Sabeur è il mediatore culturale della struttura, uno dei punti di riferimento di via Pola: «Lo scorso anno, abbiamo distribuito più di 20mila pasti. Alcuni degli assistiti si presentano quasi ogni giorno, altri sono di passaggio: il mio metro di giudizio, per valutare l’andamento della povertà in città, si basa sulla quota di italiani che raggiungono la mensa. Senegal e Gambia sono ancora le nazionalità maggioritarie, ma anche gli albesi stanno aumentando. C’è persino chi arriva qui con la bolletta in mano, disperato per il caro energia».

Mentre parla, Sabeur riempie i vassoi dei primi ospiti. Si notano molti giovani di origine africana: alcuni dormono nel Centro di accoglienza, altri arrivano dall’esterno, ma ci sono anche persone di altre nazionalità e italiani. Non si parla molto in mensa: ognuno arriva, saluta, si mette in fila, riempie il vassoio e si sceglie un tavolo. C’è chi è titubante e si guarda intorno, ma poi si avvicina.

A differenza di quanto si possa pensare, il refettorio è un luogo accogliente ed è facile sentirsi a casa. C’è anche chi si fa riempire un piccolo contenitore di plastica, visto che lo attendono i turni in azienda. «Qui non facciamo domande: si entra e si mangia», racconta don Gigi Alessandria, direttore del Centro di prima accoglienza.

LA CASA È UN MIRAGGIO

A proposito della situazione povertà in città il sacerdote prosegue: «La nostra è una dimensione particolare: il lavoro c’è, ma si fanno spesso contratti brevi, che non sono una garanzia per chi cerca una casa in affitto. Se si aggiunge poi una certa chiusura, per un lavoratore africano da solo è quasi impossibile trovare una sistemazione». Manca una politica abitativa basata su iniziative concrete, «ma questa è solo una parte delle situazioni che incontriamo: si va dal disagio sociale alla malattia. Per questo motivo, la nostra struttura è elastica e non rivolta a una fascia specifica di bisogno».

MANCANO VOLONTARI

Il centro è una sorta di porto in cui tutti possono approdare, se sono in difficoltà. Certo, proprio perché le situazioni sono così diverse, il lavoro è tanto, e scarseggiano i volontari, soprattutto dopo il Covid-19, che ha allontanato parecchie persone.

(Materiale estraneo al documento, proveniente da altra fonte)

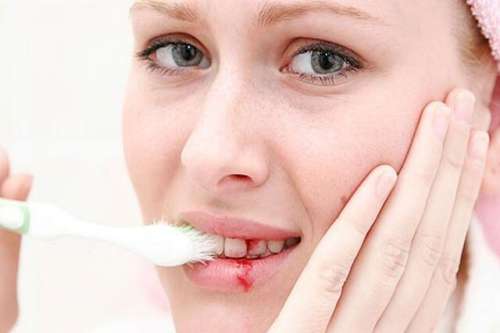 Lượng đường trong máu cao, gây ra tình trạng nướu gây sưng đỏ và dễ chảy máu khi đánh răng hoặc dùng chỉ nha khoa.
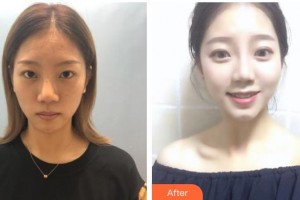 湖州市中心醫(yī)院眼科邱海雁整形價格表附眼部綜合案例展示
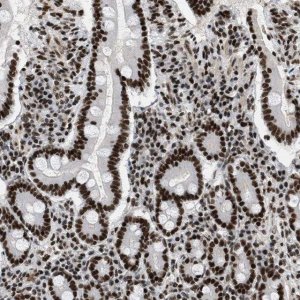 Anti-SMARCB1 antibody produced in rabbit 
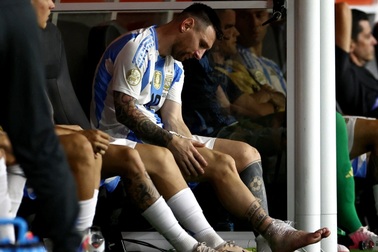 Chân của Messi biến dạng vì chấn thương ở trận chung kết Copa America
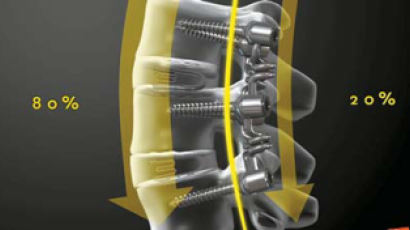 [헬스&뷰티] 10년 전 척추 수술 환자 90%, 반강성고정술 후 연접부 퇴행 변화 없어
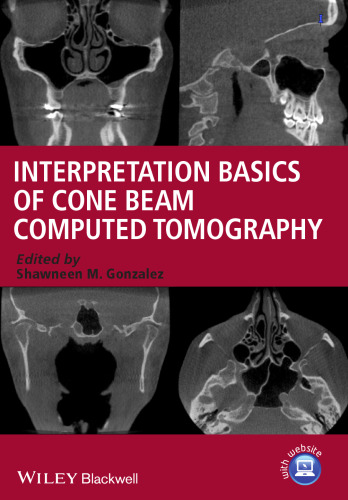 Interpretation basics of cone beam computed tomography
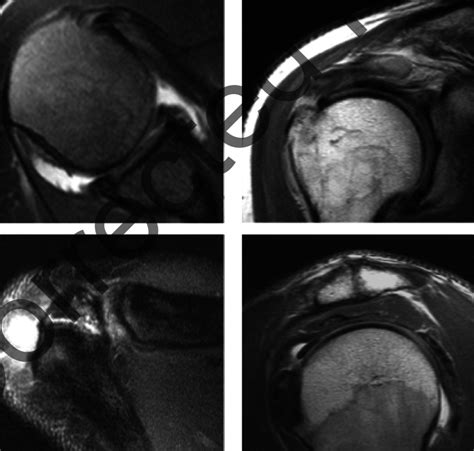 MRI Of Cuff Tear Combined With Labral Tear And Os Acromiale Download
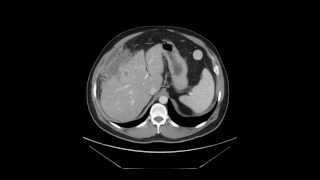 C difficil Pseudomembranous colitis  axial CT [upl. by Gudrin]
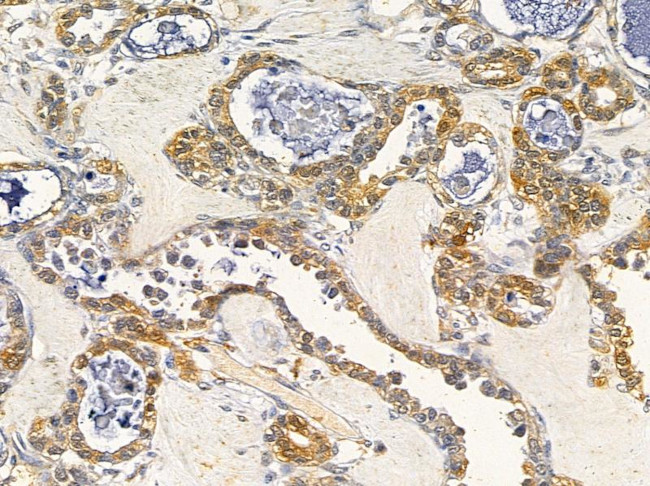 NCS1 Antibody in Immunohistochemistry (Paraffin) (IHC (P))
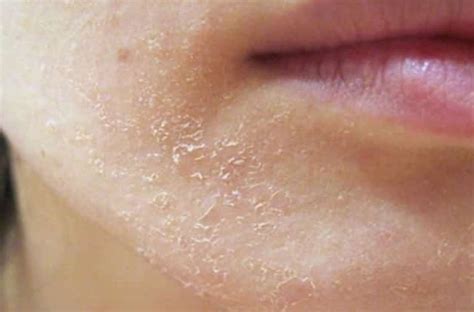 6 Causes Of Dry Skin On Chin And Treatment Remedies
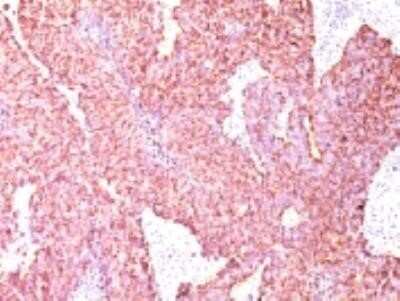 Immunohistochemistry-Paraffin: Chromogranin A Antibody (CGA/414) - Azide and BSA Free [NBP2-33198]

A parte l’aiuto fornito da parrocchie a associazioni di volontariato, del servizio cena si occupano meno di dieci albesi. Mariella è una di loro, arrivata un anno fa, convinta dal figlio, che fa parte degli Scout e, per questo, frequenta il mondo del volontariato. Conosciamo anche Sonia, che ha trent’anni ed è arrivata alla Caritas perché voleva rendersi utile.

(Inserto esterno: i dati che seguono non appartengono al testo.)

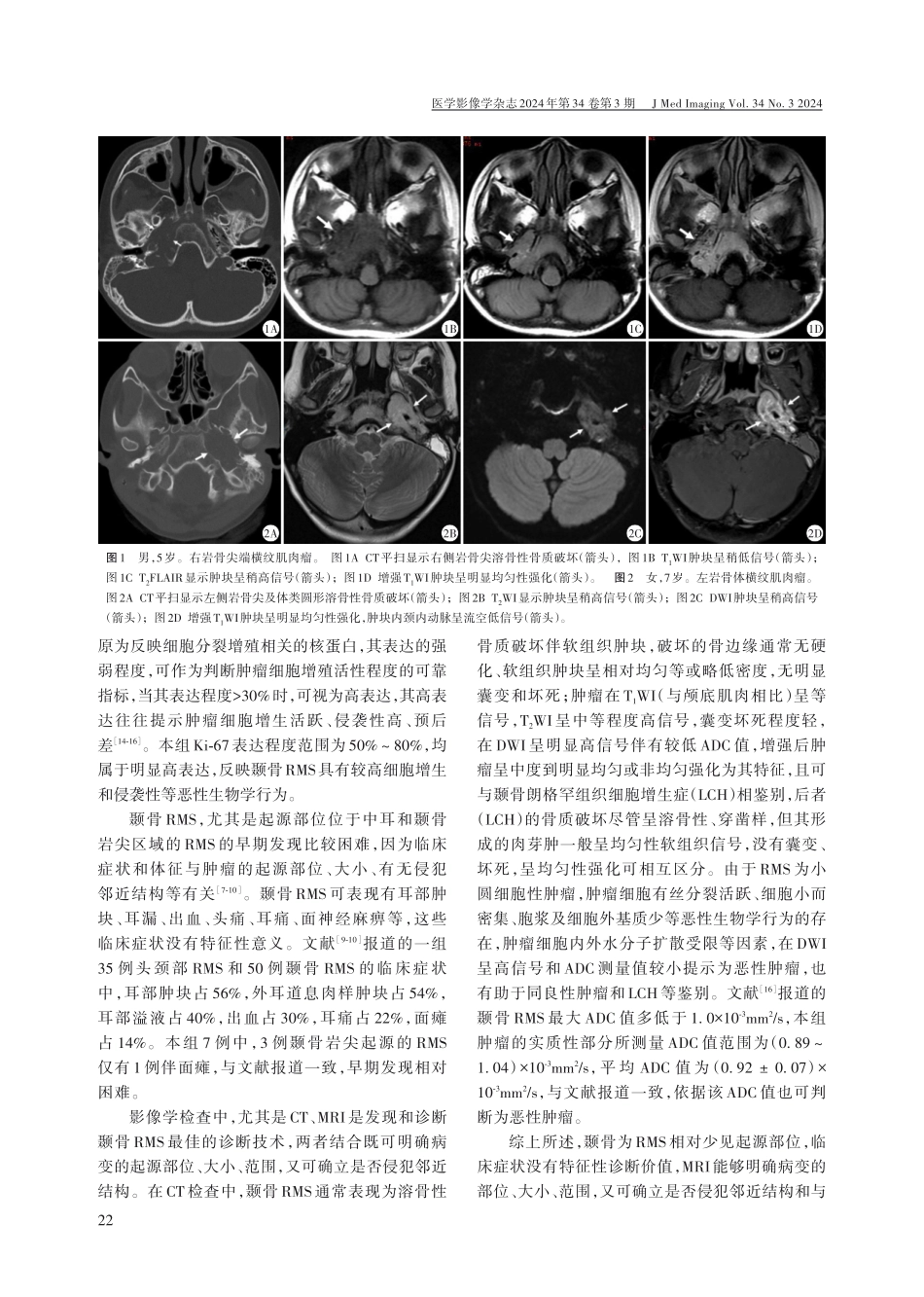 儿童颞骨横纹肌肉瘤的CT和MRI表现.pdf_第3页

Si sono presentate puntuali per la cena: quando tutti avranno finito, sparecchieranno i tavoli e metteranno in ordine. Conclude don Gigi: «Sono qui dal 1993 e ho visto molti cambiamenti nel fenomeno povertà. Questo posto, però, è rimasto fedele a sé stesso: la nostra porta rimane e rimarrà sempre aperta per chi ha bisogno».